Academic studies estimate that unscrupulous employers in New York City keep an extra billion dollars a year by defying New York State’s weak labor law and cheating timorous and ill-informed immigrant workers.

Ms. Toribio was both when she arrived from the Dominican Republic 10 years ago. But she evolved into a word-of-mouth investigator and organizer for the Make the Road New York community group. The organization has successfully worked with committed state inspectors to wring wage-theft judgments against scores of employers — $28,000 for a gouged fruit-stand peddler, $70,000 for 99-cent store workers, $400,000 from moguls squeezing the payroll at a sneaker chain.

New York needs a strong labor law like Arizona’s. Arizona is rightly notorious for its abusive anti-immigrant law. But its labor law seriously penalizes employers who retaliate against outspoken workers, and it provides confidentiality for whistle-blowers and faster, bigger damages for employers who ignore wage-theft judgments. A bill to toughen New York’s law awaits action by the Legislature, which is in its closing days, when the good and the ugly elbow for attention.

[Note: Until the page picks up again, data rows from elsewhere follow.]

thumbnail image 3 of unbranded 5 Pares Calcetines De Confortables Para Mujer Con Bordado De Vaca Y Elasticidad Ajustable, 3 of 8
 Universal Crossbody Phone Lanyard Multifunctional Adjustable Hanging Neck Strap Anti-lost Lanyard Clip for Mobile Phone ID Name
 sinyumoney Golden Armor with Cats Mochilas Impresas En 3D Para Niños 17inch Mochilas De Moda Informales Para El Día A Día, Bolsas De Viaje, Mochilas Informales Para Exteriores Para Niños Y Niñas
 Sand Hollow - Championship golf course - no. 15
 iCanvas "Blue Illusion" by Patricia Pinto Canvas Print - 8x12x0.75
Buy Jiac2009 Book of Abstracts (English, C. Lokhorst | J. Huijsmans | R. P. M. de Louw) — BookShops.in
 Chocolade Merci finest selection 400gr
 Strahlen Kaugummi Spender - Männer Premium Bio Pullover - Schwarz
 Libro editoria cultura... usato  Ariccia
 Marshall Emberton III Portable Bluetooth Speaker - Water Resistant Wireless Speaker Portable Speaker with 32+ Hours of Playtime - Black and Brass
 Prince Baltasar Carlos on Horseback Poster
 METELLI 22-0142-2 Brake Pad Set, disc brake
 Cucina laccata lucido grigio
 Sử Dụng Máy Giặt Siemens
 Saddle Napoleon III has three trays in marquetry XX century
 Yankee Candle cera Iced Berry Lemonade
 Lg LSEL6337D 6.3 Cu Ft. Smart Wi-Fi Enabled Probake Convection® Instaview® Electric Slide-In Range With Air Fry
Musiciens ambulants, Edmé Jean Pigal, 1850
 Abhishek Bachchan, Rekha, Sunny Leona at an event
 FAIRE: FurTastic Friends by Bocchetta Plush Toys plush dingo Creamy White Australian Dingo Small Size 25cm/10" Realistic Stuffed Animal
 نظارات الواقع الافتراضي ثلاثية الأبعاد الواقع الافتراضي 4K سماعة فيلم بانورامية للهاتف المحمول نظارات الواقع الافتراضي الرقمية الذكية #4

“Albany could stop an awful lot of injustice,” Ms. Toribio says prayerfully. Her voice had a steely lilt on Friday when she talked other wage-cheated workers into going with her to Manhattan to picket a grocery store. She knows a “scared guy” there, a Mexican immigrant who earns $5 an hour with no vacation or overtime allowed in his 70-hour week. “The boss,” she says, “has to understand a worker is not alone.”